L’un de ses ouvrages les plus importants est l’essai qu’il a écrit en 1896, intitulé Un nouveau principe de juste fiscalité. Knut Wicksell y développe son principe selon lequel les seules dépenses publiques et taxes qui peuvent être considérées comme justifiables sont celles qui ont été approuvées à l’unanimité par le contribuable. Selon lui, le but est d’avoir un système juste et efficace dans lequel ceux qui contribuent aux coûts d’une activité servent également leurs intérêts.
La même année, en 1896, il a publié un autre ouvrage important intitulé Études sur la théorie des finances publiques, dans lequel il applique l’analyse marginaliste à la fiscalité et à la tarification des biens publics.
Par ailleurs, toute sa vie, il a dénoncé l’égoïsme, la cupidité et l’incessante volonté de pouvoir de la part des riches.
Il a également critiqué le marxisme en estimant toutefois que l’avènement d’un socialisme qu’il souhaitait démocratique était inéluctable.
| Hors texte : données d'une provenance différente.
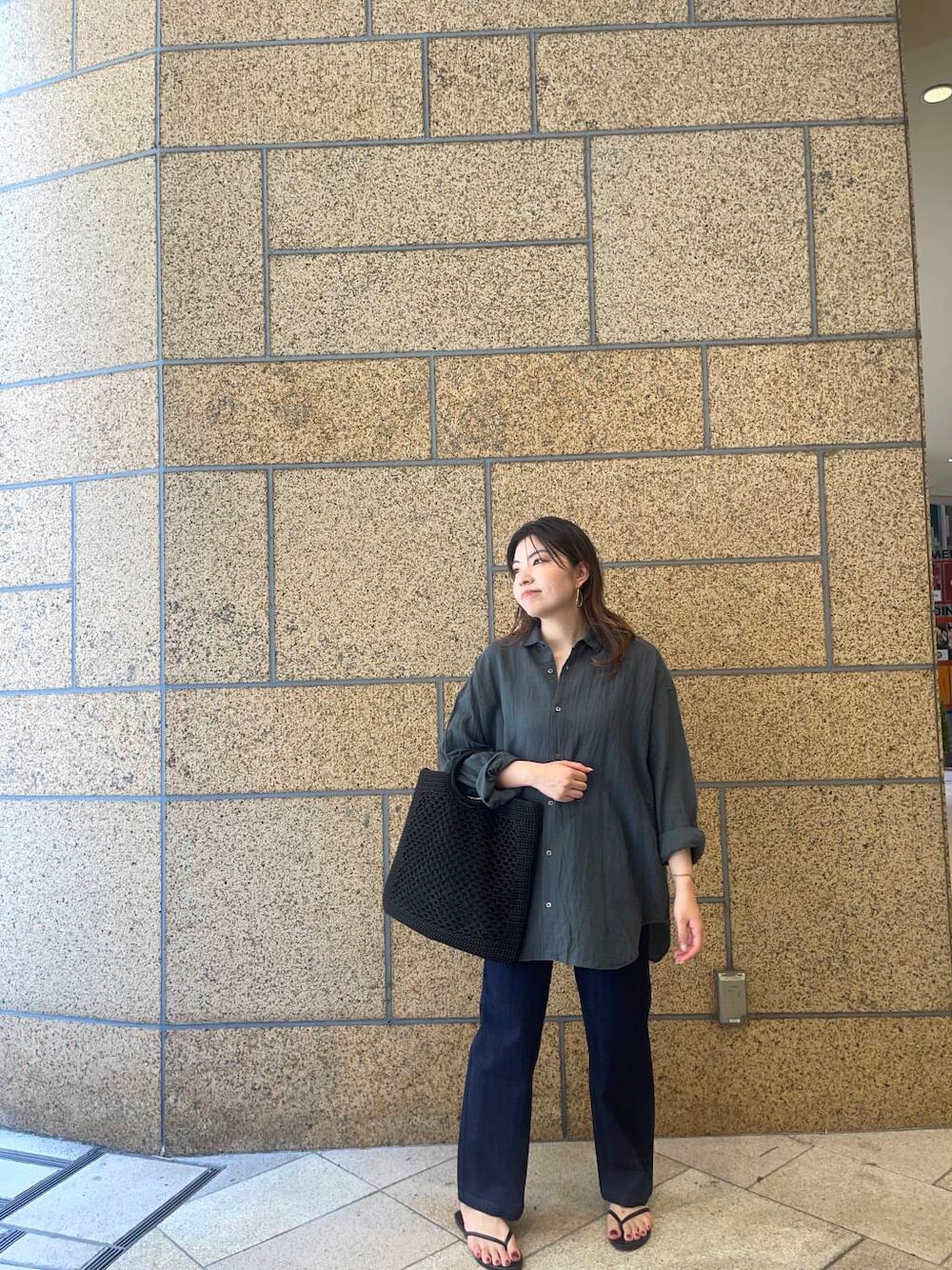 ブラック系のサンダル、ブルー系のデニムパンツ、ブラック系のトートバッグを着用したレディースの夏コーディネートの1枚目の写真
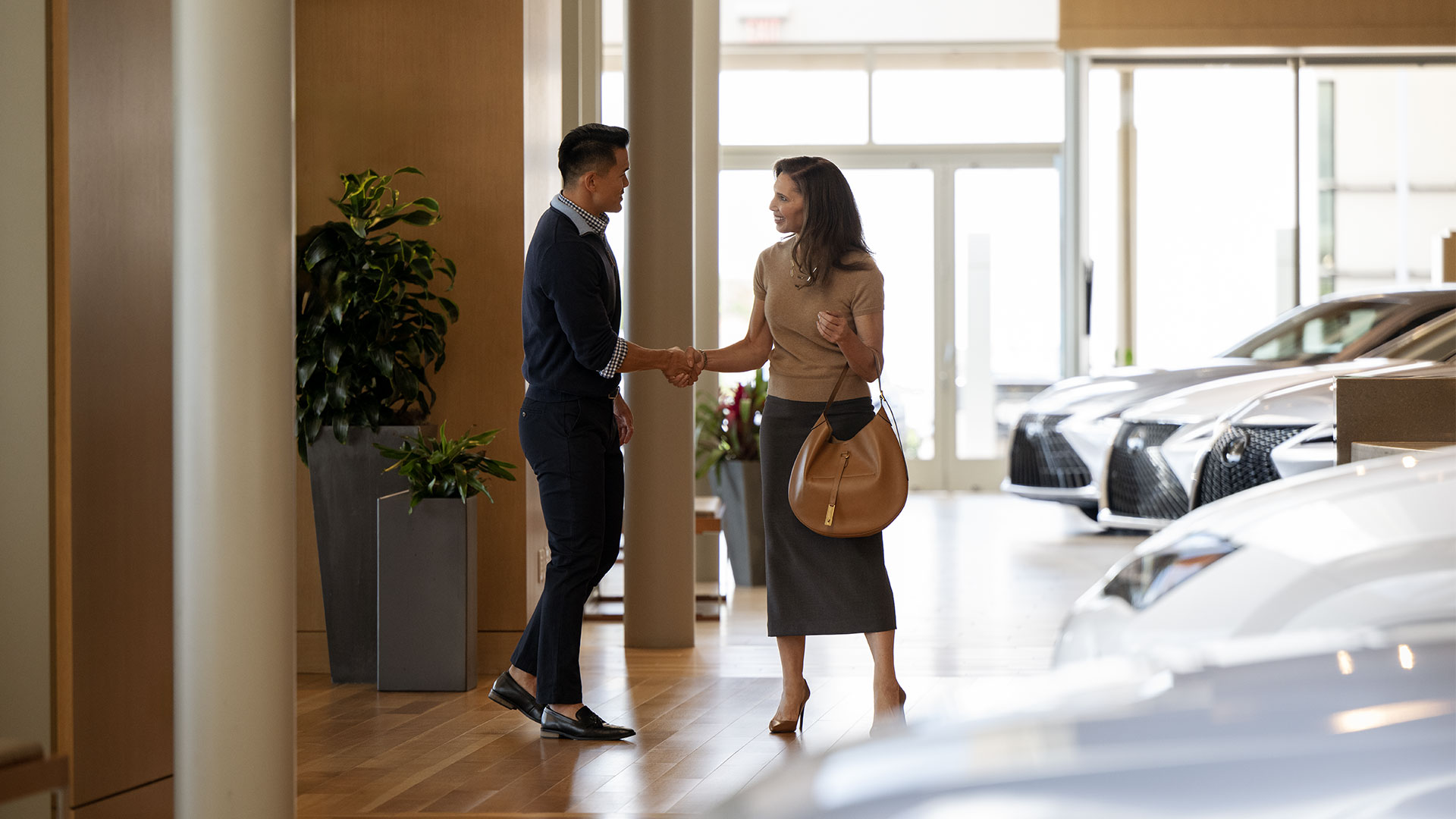 A Lexus Consultant greeting a guest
Les organisations syndicales, ouvrières et politiques, mais également les anarchistes le considéraient comme un de leurs alliés. D’ailleurs, afin de protester contre la condamnation d’un jeune anarchiste pour blasphème, il a décidé de faire une satire de l’Immaculée Conception intitulée « Le trône, l’autel, l’épée et le sac d’argent« . Cette satire lui coûtera deux mois de prison.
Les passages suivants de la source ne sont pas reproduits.